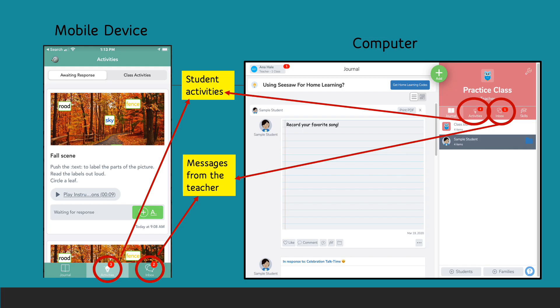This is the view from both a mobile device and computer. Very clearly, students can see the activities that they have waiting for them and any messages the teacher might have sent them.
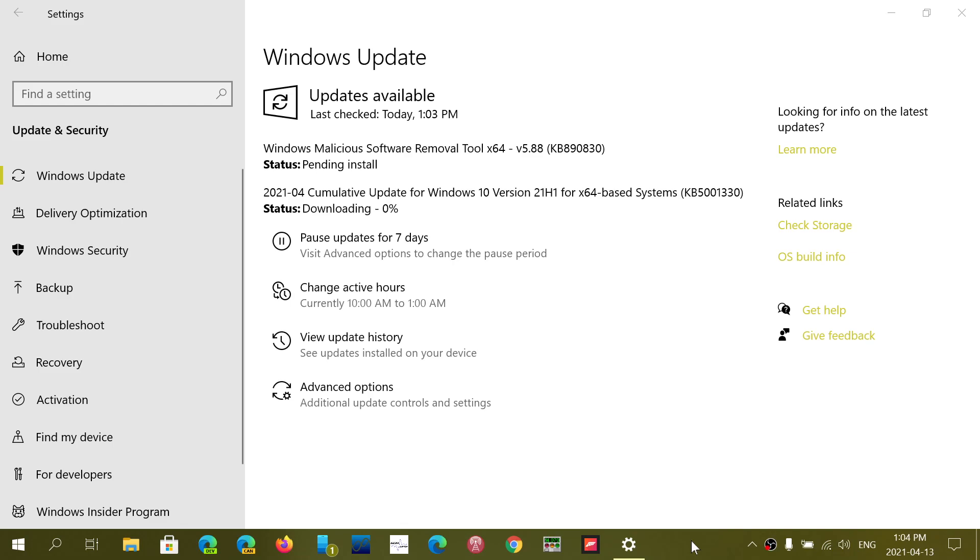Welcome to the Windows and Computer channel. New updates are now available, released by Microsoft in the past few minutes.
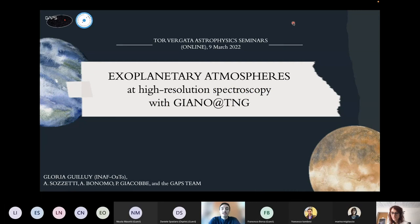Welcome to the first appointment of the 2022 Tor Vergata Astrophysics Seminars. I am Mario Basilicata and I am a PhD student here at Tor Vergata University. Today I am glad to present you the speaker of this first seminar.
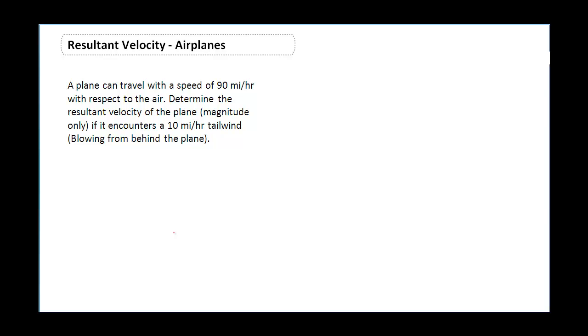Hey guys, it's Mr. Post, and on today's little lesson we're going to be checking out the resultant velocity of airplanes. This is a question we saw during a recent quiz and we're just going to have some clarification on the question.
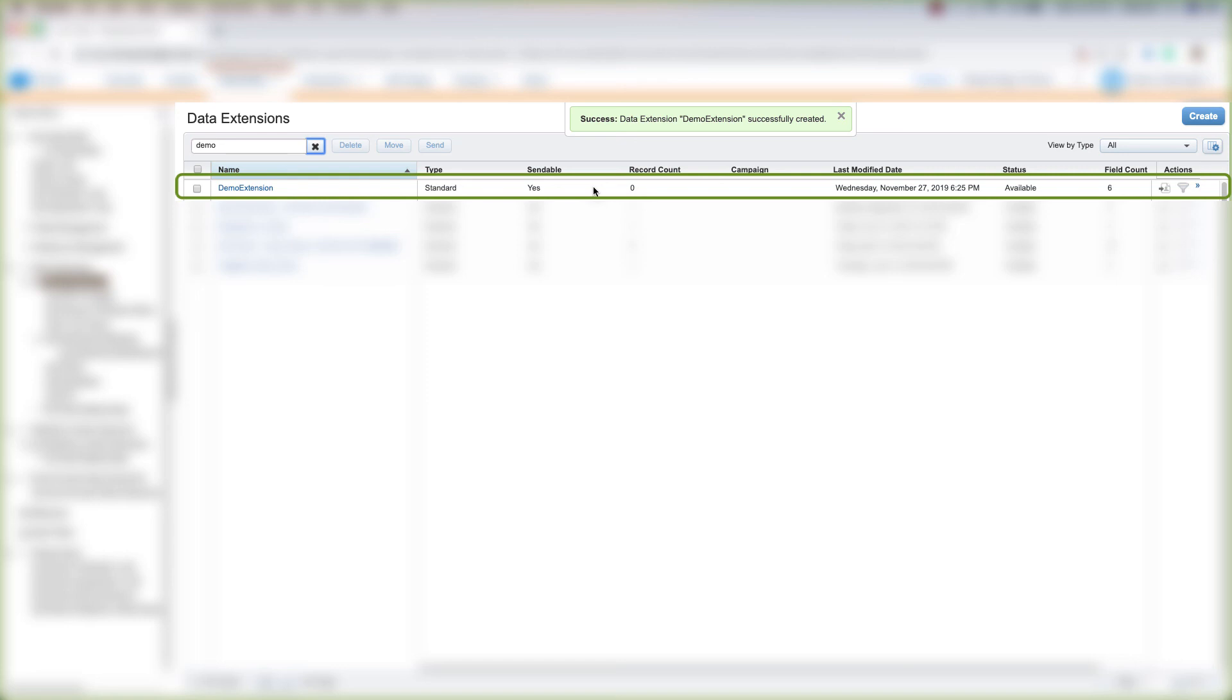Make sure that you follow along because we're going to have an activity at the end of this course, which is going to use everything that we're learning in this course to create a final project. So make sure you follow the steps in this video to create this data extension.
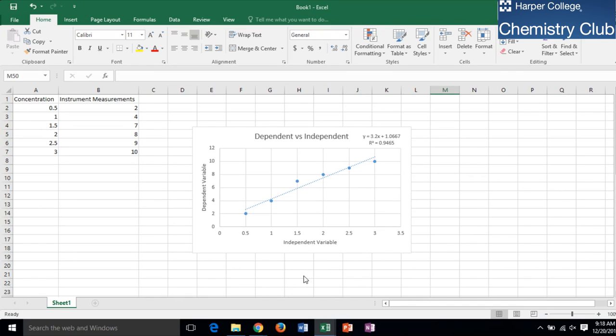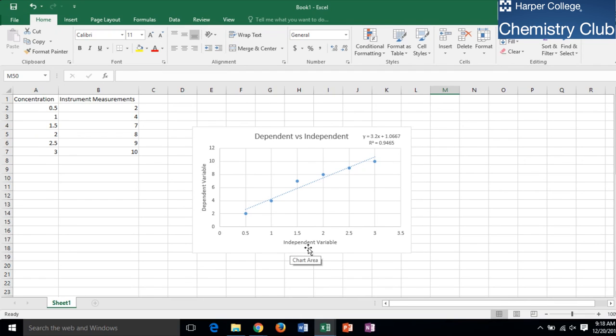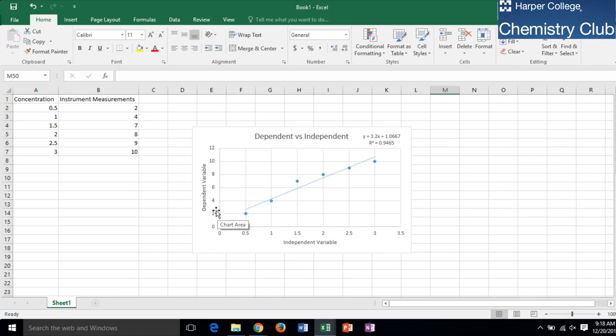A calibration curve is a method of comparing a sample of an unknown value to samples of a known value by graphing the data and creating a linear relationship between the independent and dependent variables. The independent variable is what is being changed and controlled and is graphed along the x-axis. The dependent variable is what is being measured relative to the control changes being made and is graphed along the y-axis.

════════

> [Your objective]: The required output is the exact run of lines from the start of the records through the line containing "Hey guys, it's", both ends included, with no pictures.

> [Final answer]:
This is the view from both a mobile device and computer. Very clearly, students can see the activities that they have waiting for them and any messages the teacher might have sent them.
Welcome to the Windows and Computer channel. New updates are now available, released by Microsoft in the past few minutes.
Welcome to the first appointment of the 2022 Tor Vergata Astrophysics Seminars. I am Mario Basilicata and I am a PhD student here at Tor Vergata University. Today I am glad to present you the speaker of this first seminar.
Hey guys, it's Mr. Post, and on today's little lesson we're going to be checking out the resultant velocity of airplanes. This is a question we saw during a recent quiz and we're just going to have some clarification on the question.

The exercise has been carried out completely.